Data for processing >>
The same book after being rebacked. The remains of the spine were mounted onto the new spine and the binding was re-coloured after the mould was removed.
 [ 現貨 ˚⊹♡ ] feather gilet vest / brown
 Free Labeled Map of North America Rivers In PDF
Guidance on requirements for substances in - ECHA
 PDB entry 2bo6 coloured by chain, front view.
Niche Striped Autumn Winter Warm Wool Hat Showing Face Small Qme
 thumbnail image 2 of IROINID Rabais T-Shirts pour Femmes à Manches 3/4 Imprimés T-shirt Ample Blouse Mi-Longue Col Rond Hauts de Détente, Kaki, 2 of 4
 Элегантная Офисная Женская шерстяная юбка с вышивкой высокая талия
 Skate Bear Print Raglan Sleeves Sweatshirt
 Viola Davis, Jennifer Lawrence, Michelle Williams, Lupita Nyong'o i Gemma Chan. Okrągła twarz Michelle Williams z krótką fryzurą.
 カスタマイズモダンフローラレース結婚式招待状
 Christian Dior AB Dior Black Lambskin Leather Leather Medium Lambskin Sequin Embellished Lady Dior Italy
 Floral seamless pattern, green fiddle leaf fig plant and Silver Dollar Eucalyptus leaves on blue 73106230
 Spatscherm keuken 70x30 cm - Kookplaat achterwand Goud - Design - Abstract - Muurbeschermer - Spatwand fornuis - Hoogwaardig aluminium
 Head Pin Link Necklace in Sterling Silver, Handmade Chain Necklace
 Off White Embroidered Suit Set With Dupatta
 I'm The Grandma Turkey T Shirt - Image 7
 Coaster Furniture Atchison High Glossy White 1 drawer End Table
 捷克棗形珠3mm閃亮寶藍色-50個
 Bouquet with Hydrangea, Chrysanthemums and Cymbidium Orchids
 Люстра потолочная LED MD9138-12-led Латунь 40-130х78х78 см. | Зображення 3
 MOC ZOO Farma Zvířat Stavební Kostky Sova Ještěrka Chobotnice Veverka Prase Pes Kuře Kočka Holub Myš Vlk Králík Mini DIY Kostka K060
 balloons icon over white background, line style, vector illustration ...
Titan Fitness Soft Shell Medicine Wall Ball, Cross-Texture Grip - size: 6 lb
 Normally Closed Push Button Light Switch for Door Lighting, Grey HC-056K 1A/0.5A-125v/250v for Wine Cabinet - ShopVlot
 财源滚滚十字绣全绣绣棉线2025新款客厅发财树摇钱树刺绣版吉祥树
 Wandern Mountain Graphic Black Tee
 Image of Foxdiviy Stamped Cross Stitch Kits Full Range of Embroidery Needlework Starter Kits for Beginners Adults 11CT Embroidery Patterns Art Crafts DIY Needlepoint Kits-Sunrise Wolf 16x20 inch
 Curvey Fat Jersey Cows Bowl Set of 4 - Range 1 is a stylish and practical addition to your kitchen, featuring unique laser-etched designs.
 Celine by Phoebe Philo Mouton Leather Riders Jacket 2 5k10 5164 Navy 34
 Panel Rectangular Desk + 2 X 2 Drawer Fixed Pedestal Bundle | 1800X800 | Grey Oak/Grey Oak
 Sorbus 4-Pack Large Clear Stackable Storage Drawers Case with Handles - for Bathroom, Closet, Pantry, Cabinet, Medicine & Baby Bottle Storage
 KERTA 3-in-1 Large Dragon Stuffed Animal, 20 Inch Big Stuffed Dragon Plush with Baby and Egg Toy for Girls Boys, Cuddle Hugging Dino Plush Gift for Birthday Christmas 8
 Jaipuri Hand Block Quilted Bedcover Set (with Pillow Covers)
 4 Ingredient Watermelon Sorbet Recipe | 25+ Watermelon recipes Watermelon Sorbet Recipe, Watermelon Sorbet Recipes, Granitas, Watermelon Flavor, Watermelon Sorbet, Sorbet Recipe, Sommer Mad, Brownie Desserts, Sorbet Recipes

Description of the task >>
Could you copy every line from the records that has "coloured" in it?

Exercise output >>
The same book after being rebacked. The remains of the spine were mounted onto the new spine and the binding was re-coloured after the mould was removed.
 PDB entry 2bo6 coloured by chain, front view.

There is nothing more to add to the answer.